PyTorch → int8 XOR
An end-to-end post-training int8 quantization demo: a PyTorch XOR MLP is trained in float32, calibrated per-tensor, and emitted as a weights.hpp, then run through a pure-integer TinyMind forward pass.
How it works
- Pipeline:
nn.Linear(2,4)→nn.ReLU→nn.Linear(4,1)→nn.Sigmoidin PyTorch maps toQDense<int8,int8,int32,int8>→qreluBuffer→QDense→ int8 sigmoid LUT in TinyMind. Calibration follows TFLite / CMSIS-NN convention: symmetric per-tensor weights (zero_point=0), asymmetric activations, int32 biases atinput_scale * weight_scale. - Demonstrates the int8 affine quantization path and its host-side calibration tooling — the
(scale, zero_point)metadata emitted by the Python script is turned back into aRequantizer(multiplier, shift)pair viatinymind::buildRequantizer, and the sigmoid output grid is built withbuildQSigmoidLUT. For an MCU deployment those integer triples are baked in once on the host, so the inference binary needs neither<cmath>nor float math. - Pure-integer inference classifies all four XOR corners correctly (
int8 XOR accuracy: 4/4); the committedweights.hppships an exact textbook 2-4-1 ReLU+Sigmoid solver so the demo runs without PyTorch.
Build and run
cd examples/pytorch_quant/xor
make release
make run
make plot # needs matplotlib; a venv/pyenv works if it is not already in your Python
Building with TINYMIND_ENABLE_QUANTIZATION=1 (plus FLOAT=1 STD=1 so the demo can rebuild the Requantizer and sigmoid LUT from the calibration scales).

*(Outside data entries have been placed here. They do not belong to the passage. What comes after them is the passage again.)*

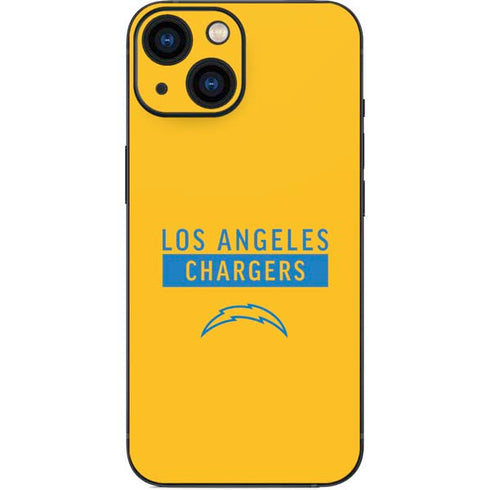 NFL Los Angeles Chargers Yellow Performance Series iPhone 13 Mini Skin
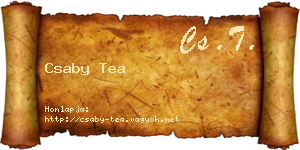 Csaby Tea névjegykártya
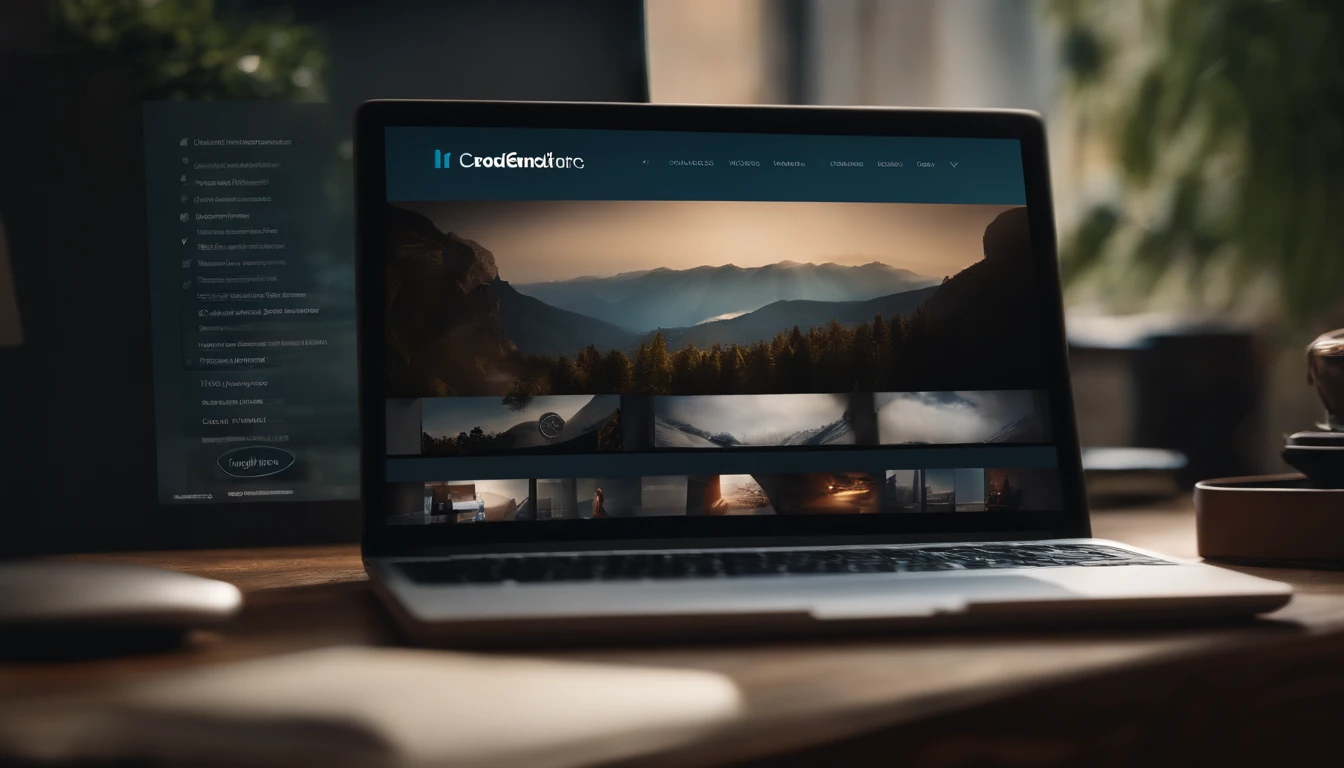 create a perfect linkedin banner of a video editor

To regenerate weights.hpp from a fresh PyTorch training + 9×9-grid calibration run, use make regenerate-weights (i.e. python3 xor_quant.py, requires torch). The deployable MCU shape is FLOAT=0 STD=0 with the integer (multiplier, shift, zero_point) triples baked in.
Output

The heatmap sweeps the pure-integer network over the [0,1]² input grid. The two off-diagonal corners (0,1) and (1,0) read deep red (P(XOR=1) → 1) while the matching corners (0,0) and (1,1) read deep blue (→ 0), with the white 0.5 contour tracing the learned XOR boundary — the int8 network reproduces the classic non-linearly-separable decision surface.